Budapest, 1937.

Zsuzsa Keresztes ceramist, sculptor, rag-collage maker

She got acquainted with several branches of art at the art school established and guided by the famous Hungarian painter Ödön Márffy, known for his bright colours scheme.
After her studies she qualified in various professions: as an inlayer, ceramist, industrial designer, and also in advertising and sales promotion.

As a ceramist she was commissioned mainly with investment projects her wallceramics can be seen at the Hungarian Parliament, Budapest Technical University, Óbuda Synagouge, etc., while many of her figural works have been sold to European countries, like Germany and the Netherlands.

She made building models in an architectural studio, and then for 14 years she worked in the stage design workshops of the Hungarian Television and for various Hungarian theatres. Her activities ranged over making sculptures, ornaments and sceneries, but also costumes and masks. For her activity she won the prestigious Hungarian "Nivo" Award three times.

From 1992 she took interest in new art techniques.

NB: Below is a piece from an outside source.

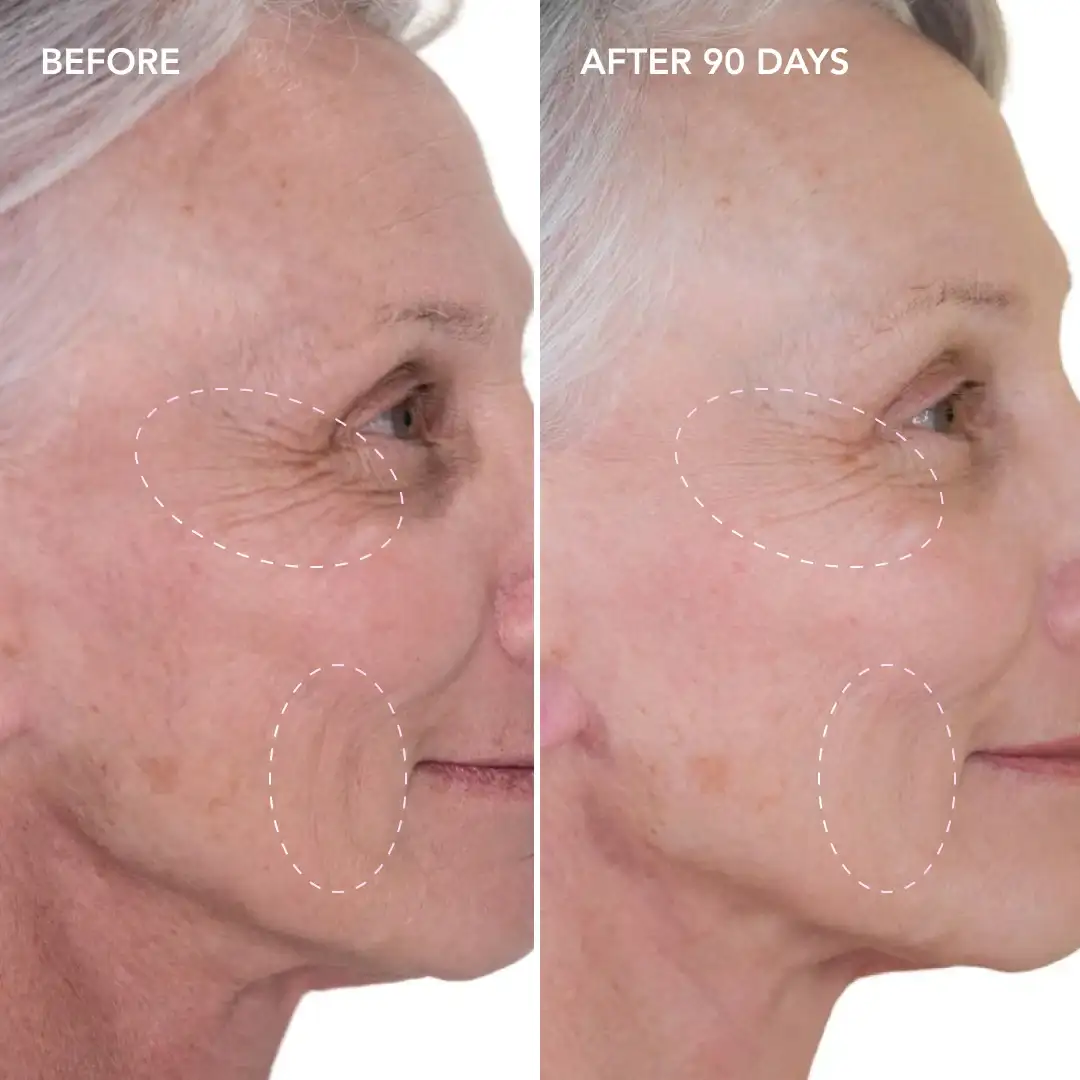 When will you see results Waltham Abbey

Searching for new modes of expression she tried her hands at etched engraving and cerigraphy, but never abandoned drawing as a base.

Since 1996 she have been focusing her attention to the art of rag-collage, using textile bits and pieces.
In 1997 her rag-college work entitled "Hommage to the Water" was awarded in a national competition in Hungary.

She is a member in various art organizations, such as "Society of Fine and Applied Arts", "Arts and Friends Association", "Barka Art Saloon".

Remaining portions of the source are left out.